Cyber-detective work by university lawyers across North America has helped shut an internet site that was offering fake Ivy League and Oxbridge degree diplomas, writes Philip Fine in Montreal.
After discovering that his university was among the 2,000-plus names that could be printed on high-quality diplomas
by a company called College-Degrees.to, Steven McDonald, a lawyer at Ohio State University, decided to take legal action. But he and the other North American university lawyers with whom he had been exchanging information on degree mill websites knew that internet fraud artists operated anonymously.
The company advertised diplomas that would "fool anyone", created with sophisticated printing techniques that could insert watermarks or attach metallic mylar security strips. The diplomas, bearing any university name the customer chose, sold for $250 (Pounds 155).
The internet address ended with the two-letter notation for Tonga, in the South Pacific, but the lawyers believed it originated in North America and used Tonga as an intermediary.

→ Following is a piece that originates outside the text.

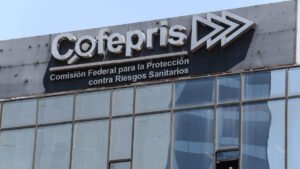 En operativo a la Comisión Federal para la Protección contra Riesgos Sanitarios -Cofepris- detienen a 32 funcionarios por corrupción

After looking through the source code of the website, Mr McDonald eventually found out it was run by an Anthony Soriano, operating out
of Florida via a server called Hiway Technologies.
A cease-and-desist letter was sent to Mr Soriano and the server in November, stating that their actions constituted trademark and copyright infringement and fraud. Mr McDonald kept his colleagues at the National Association of College and University Lawyers updated. Days later the site was no longer running.

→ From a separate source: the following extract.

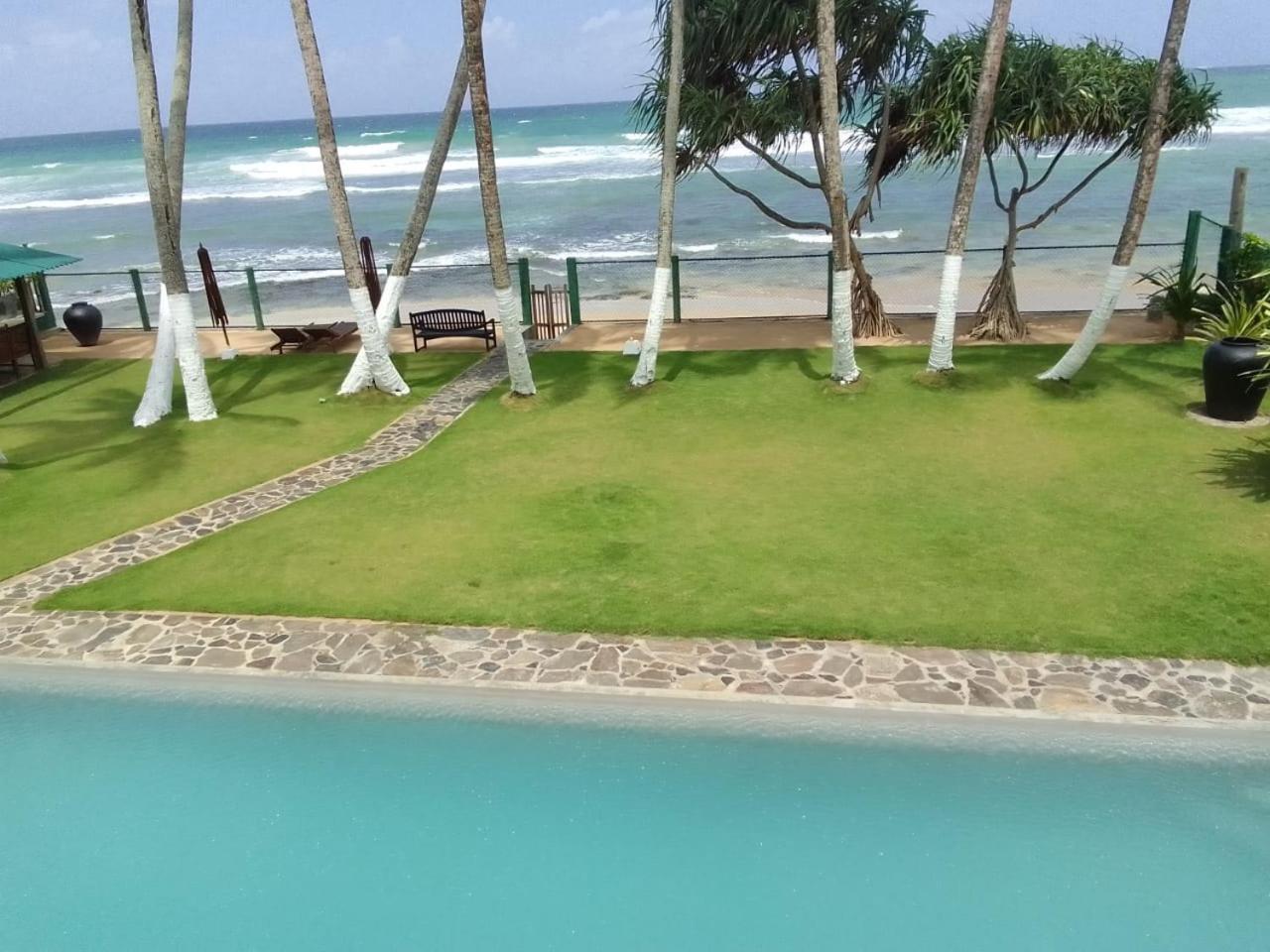 Shavara Beach Ahangama Eksteriør billede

It is not known how many fake diplomas are in circulation, but university lawyers and registrars are worried about their possible impact.

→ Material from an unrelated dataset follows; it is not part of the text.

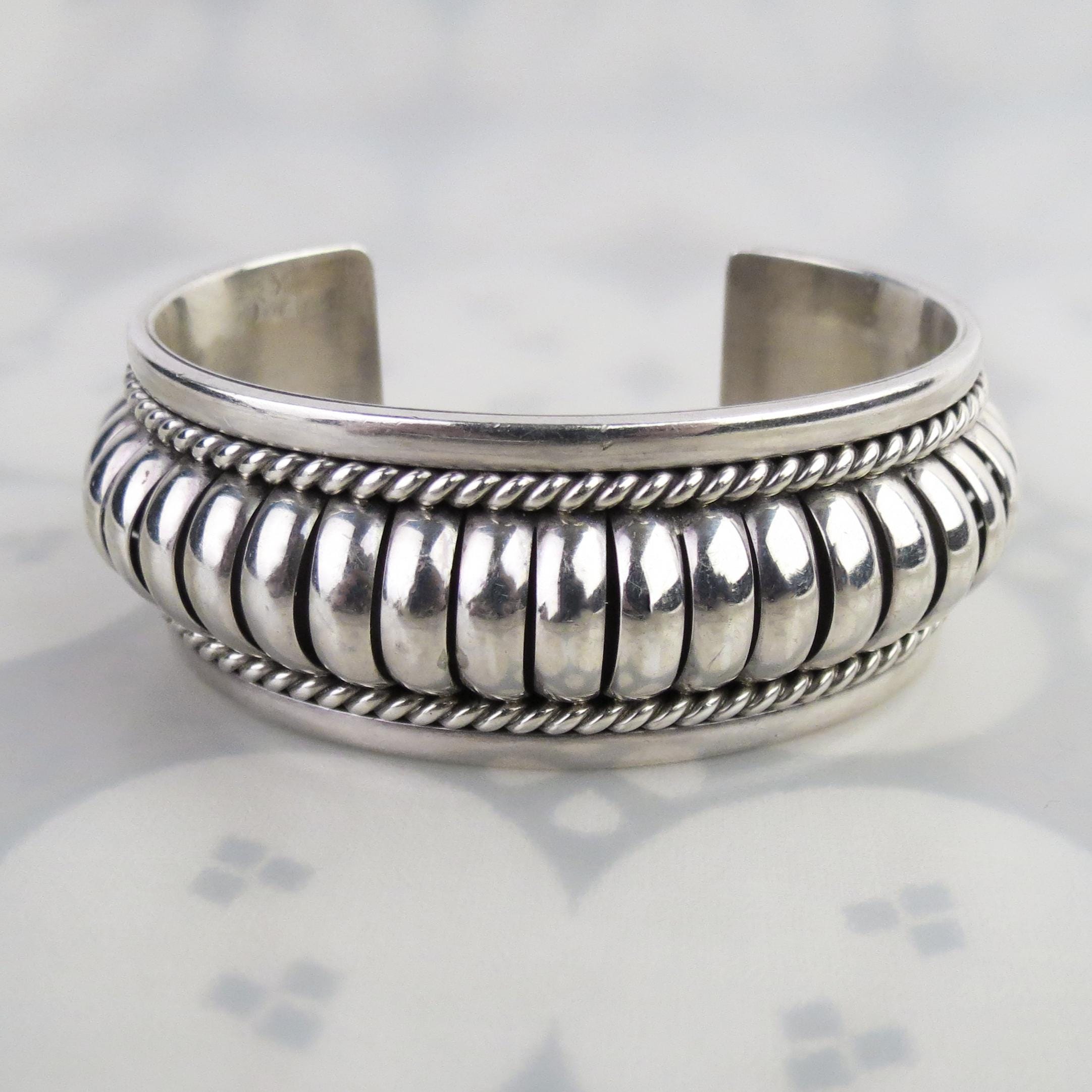 Vintage Sterling Silver バングル　デザイン Thomas Charley Signature Vintage Native American Sterling Silver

"With the technology available, it's hard to imagine others are not doing this," said the University of Alberta's legal counsel, Steven Hillier, who had been planning to send a cease-and-
desist letter before the site closed.
The lawyers said they hear of a new website offering fake degrees every couple of months.
Susan Haglund, of the Technical University of British Columbia, said trademark infringement is an important issue: "The one thing a university has is its reputation. If you hit on their credentials, you're going to the heart of their being."